▸ RECORDS TO USE:

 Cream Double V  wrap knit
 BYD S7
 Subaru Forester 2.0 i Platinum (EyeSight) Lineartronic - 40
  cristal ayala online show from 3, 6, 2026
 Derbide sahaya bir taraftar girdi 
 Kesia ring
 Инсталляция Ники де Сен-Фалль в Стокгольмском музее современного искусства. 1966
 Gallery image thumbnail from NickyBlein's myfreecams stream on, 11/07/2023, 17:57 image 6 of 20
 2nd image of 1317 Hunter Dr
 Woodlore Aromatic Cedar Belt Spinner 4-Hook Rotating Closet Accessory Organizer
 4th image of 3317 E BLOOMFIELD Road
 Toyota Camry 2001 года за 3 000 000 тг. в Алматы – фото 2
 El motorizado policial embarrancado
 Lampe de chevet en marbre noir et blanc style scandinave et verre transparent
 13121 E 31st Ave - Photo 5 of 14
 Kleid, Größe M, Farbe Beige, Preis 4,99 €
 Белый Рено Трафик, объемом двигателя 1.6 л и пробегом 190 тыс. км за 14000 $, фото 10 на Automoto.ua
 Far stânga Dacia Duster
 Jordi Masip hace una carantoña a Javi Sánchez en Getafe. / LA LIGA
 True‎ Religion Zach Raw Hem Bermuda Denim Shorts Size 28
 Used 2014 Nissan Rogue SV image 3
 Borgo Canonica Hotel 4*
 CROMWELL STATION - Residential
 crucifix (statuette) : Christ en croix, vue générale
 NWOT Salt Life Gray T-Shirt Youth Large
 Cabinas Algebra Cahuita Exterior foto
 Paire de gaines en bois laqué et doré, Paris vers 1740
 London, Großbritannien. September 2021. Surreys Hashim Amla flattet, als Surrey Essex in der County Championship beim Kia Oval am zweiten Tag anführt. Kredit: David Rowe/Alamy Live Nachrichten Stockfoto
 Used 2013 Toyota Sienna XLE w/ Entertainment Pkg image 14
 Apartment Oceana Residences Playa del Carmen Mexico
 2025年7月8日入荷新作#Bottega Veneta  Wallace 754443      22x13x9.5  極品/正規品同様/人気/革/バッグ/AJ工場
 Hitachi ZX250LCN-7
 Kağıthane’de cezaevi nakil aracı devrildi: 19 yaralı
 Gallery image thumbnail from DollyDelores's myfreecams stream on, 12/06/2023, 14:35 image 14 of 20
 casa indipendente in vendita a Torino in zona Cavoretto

▸ WHAT IS NEEDED:
Please determine the number of lines in the records above that include the string "from", and answer with that number only.

▸ FINISHED TASK:
3